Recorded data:
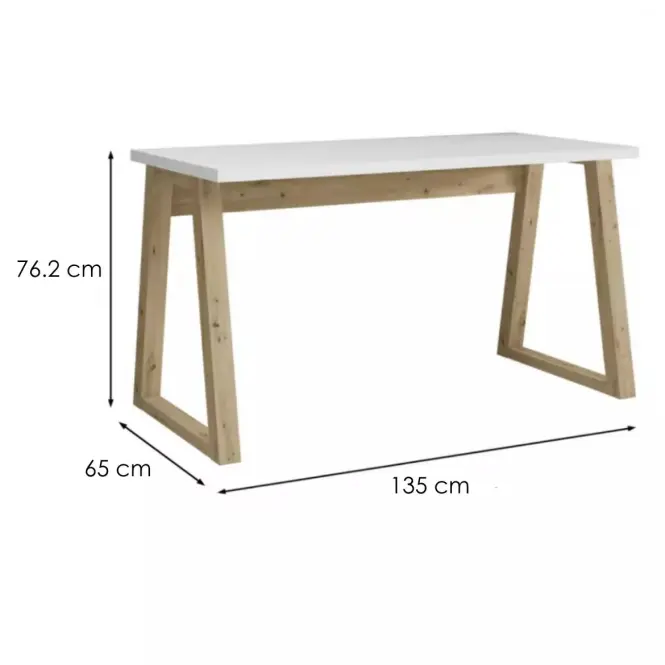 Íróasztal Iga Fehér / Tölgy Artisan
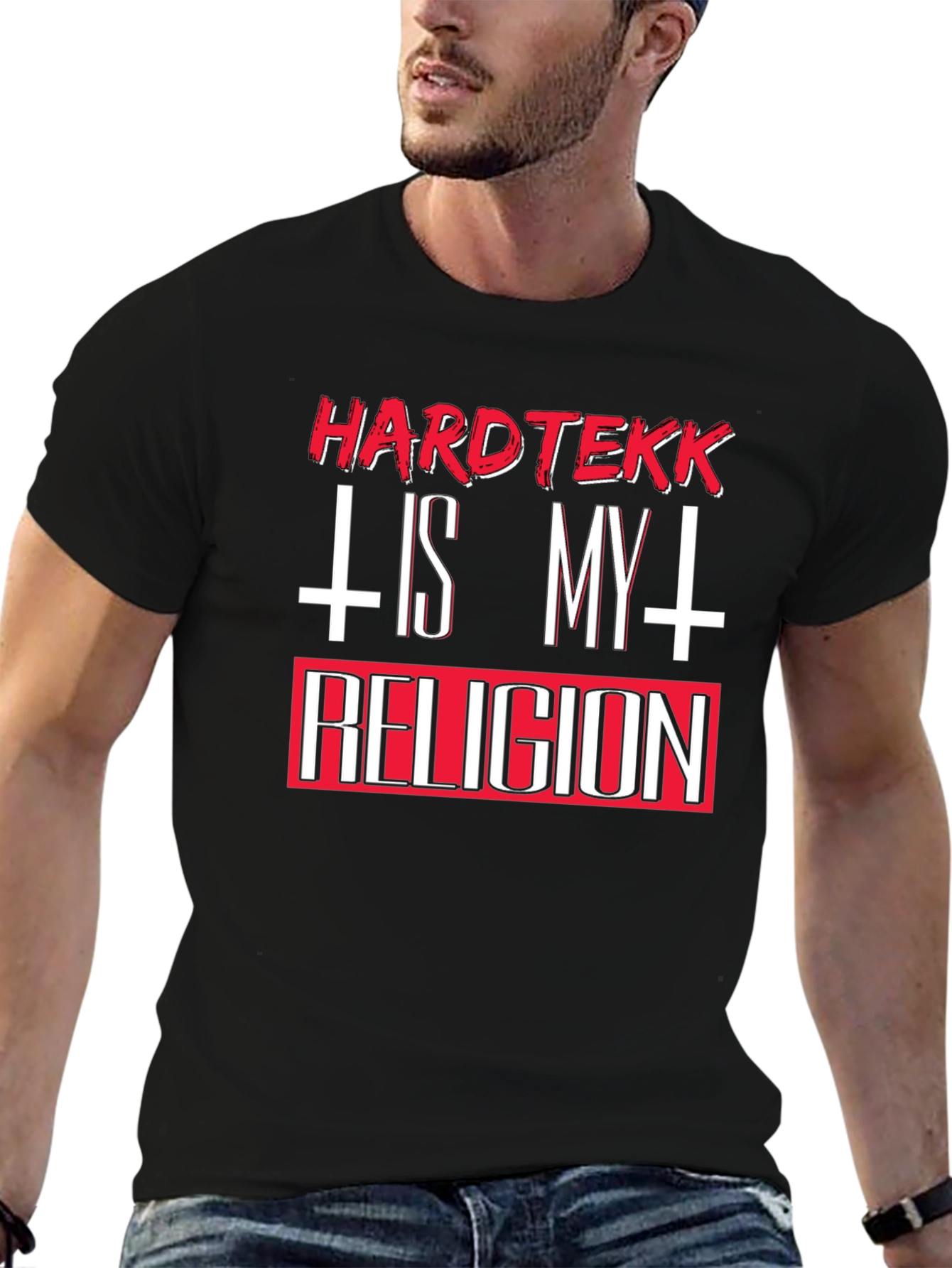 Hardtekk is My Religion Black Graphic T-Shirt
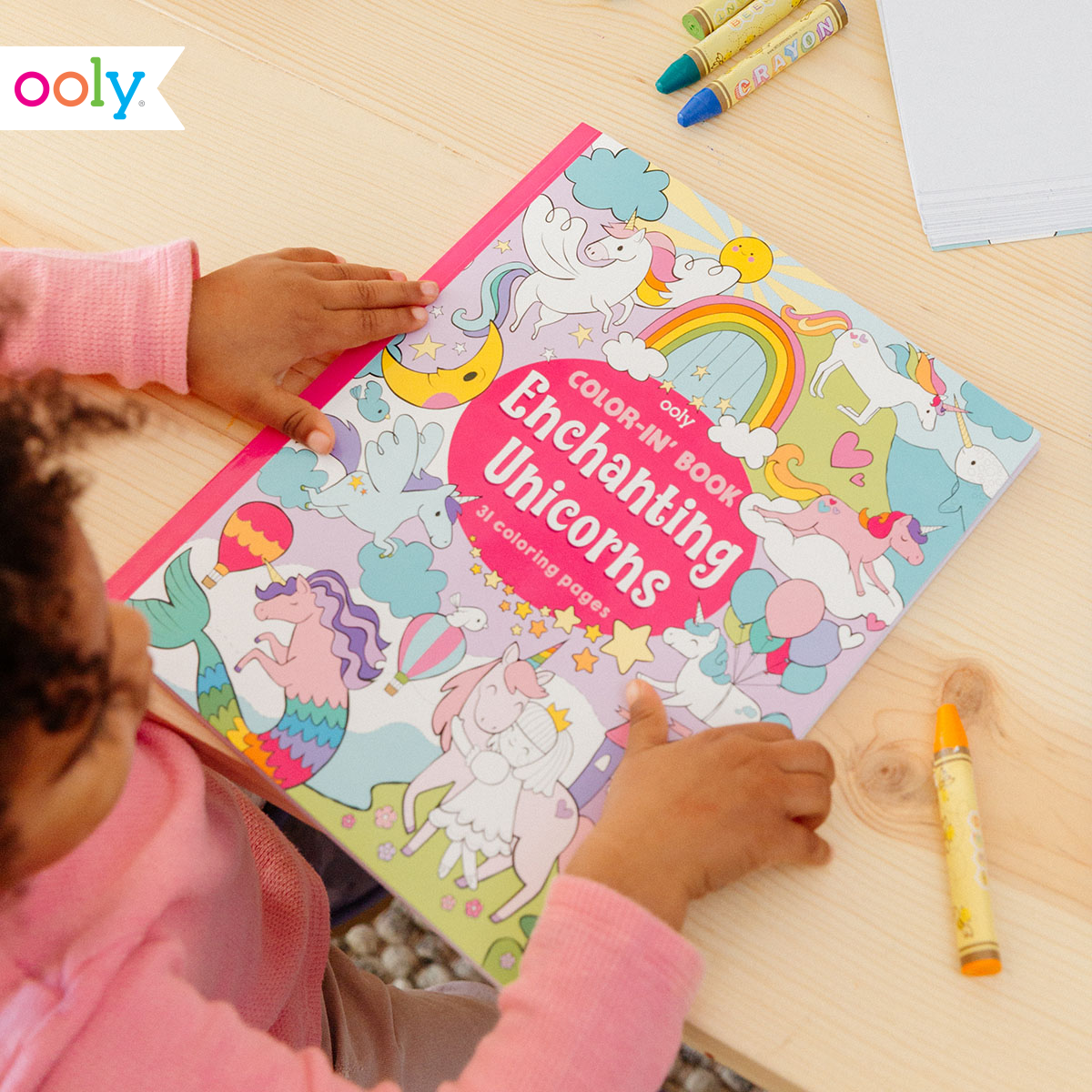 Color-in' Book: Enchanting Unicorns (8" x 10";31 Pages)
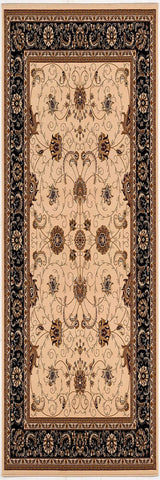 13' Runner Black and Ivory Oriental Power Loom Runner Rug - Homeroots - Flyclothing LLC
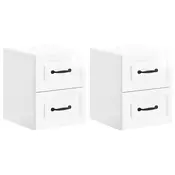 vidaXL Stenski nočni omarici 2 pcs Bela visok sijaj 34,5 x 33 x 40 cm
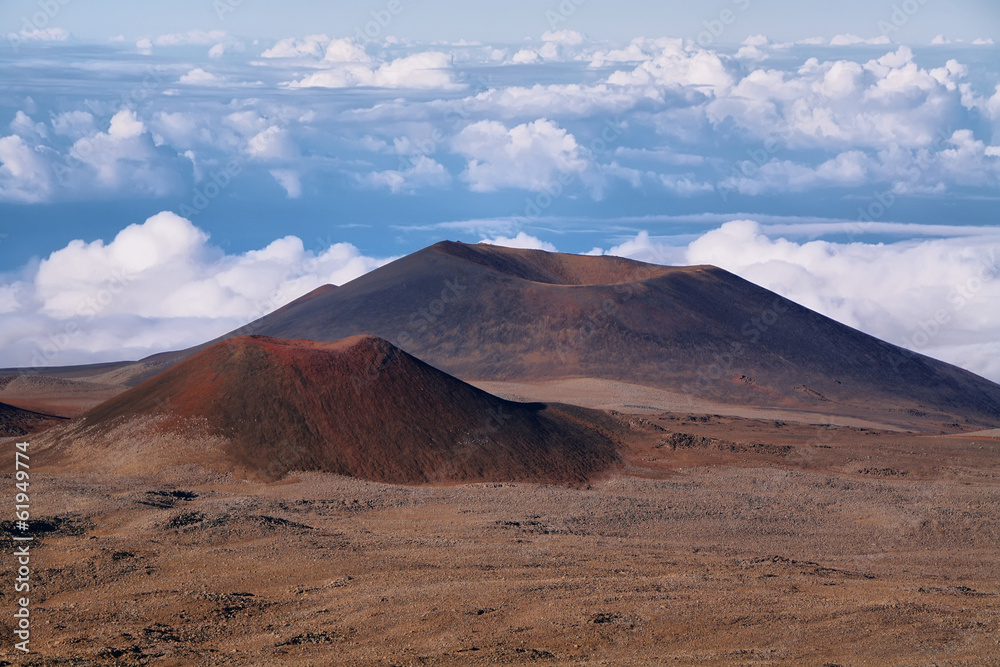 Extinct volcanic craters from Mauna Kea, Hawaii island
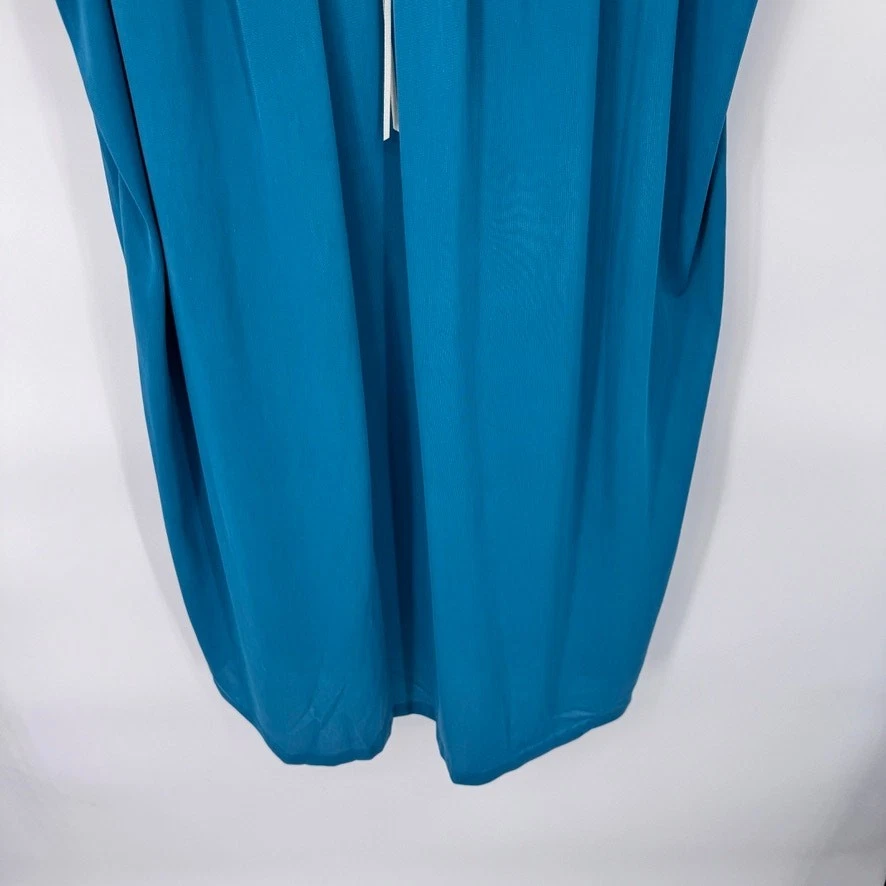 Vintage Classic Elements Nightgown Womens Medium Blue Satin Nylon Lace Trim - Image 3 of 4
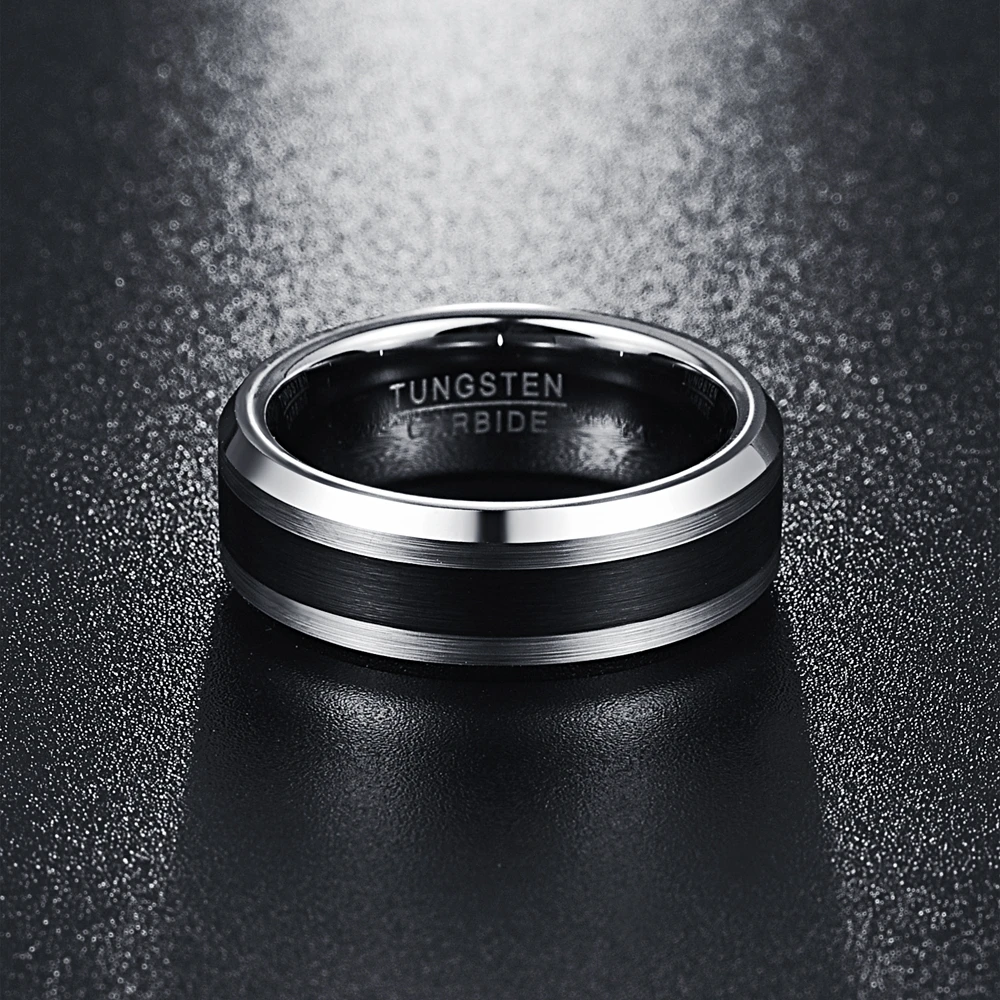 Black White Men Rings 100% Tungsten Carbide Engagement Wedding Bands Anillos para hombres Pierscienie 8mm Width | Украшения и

What is expected: Though the entries above contain pictures, none should be copied; reproduce only the lines between the one holding "13' Runner Black" and the one holding "Extinct volcanic craters", inclusive, exactly as written.

Solution for this exercise:
 13' Runner Black and Ivory Oriental Power Loom Runner Rug - Homeroots - Flyclothing LLC
 vidaXL Stenski nočni omarici 2 pcs Bela visok sijaj 34,5 x 33 x 40 cm
 Extinct volcanic craters from Mauna Kea, Hawaii island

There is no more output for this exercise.